— DATA SUPPLIED —
########

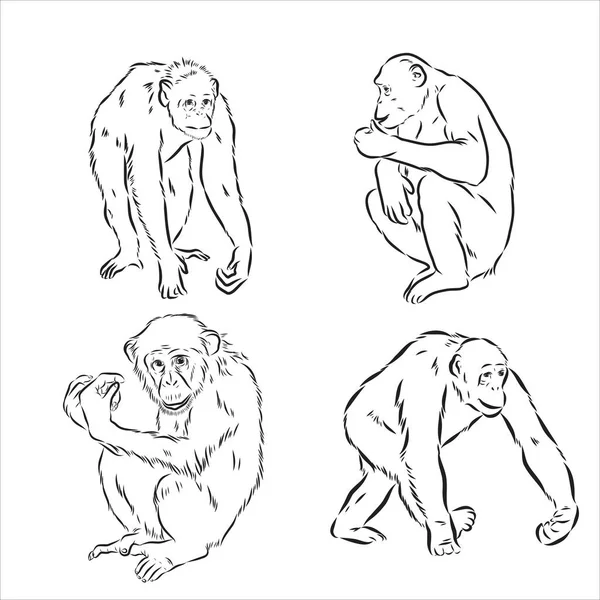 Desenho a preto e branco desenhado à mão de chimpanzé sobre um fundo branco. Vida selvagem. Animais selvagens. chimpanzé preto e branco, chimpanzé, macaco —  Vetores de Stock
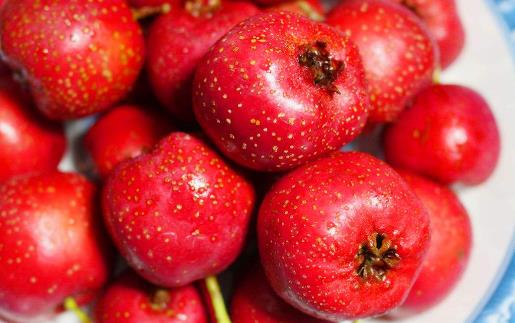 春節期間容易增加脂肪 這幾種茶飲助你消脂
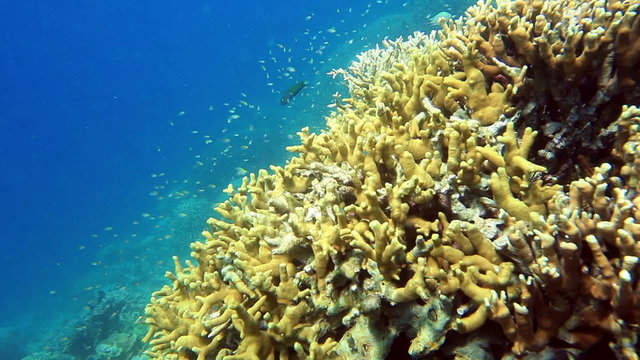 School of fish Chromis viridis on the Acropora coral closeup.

########

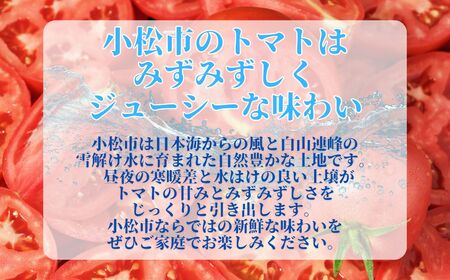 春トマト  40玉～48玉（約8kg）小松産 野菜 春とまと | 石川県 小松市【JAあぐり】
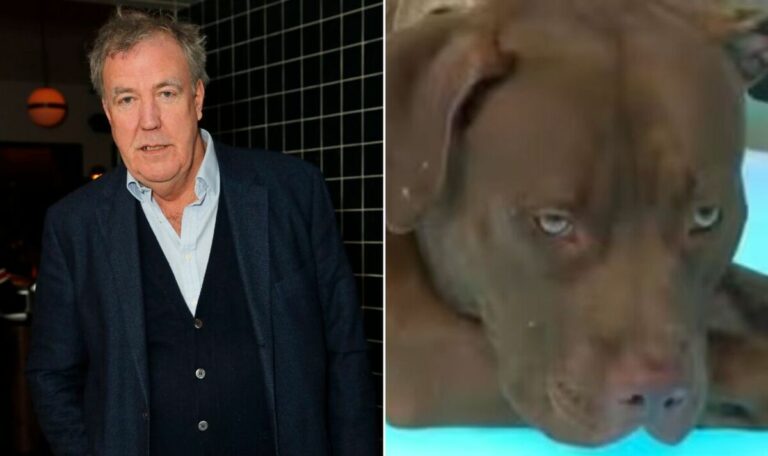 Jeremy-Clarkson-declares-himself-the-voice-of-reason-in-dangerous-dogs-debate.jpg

########

— WHAT IS EXPECTED —
After locating the line containing "Desenho a preto" in the entries above, return it and every line after it exactly, ending at the line containing "School of fish", without pictures.

— COMPLETED EXERCISE —
 Desenho a preto e branco desenhado à mão de chimpanzé sobre um fundo branco. Vida selvagem. Animais selvagens. chimpanzé preto e branco, chimpanzé, macaco —  Vetores de Stock
 春節期間容易增加脂肪 這幾種茶飲助你消脂
 School of fish Chromis viridis on the Acropora coral closeup.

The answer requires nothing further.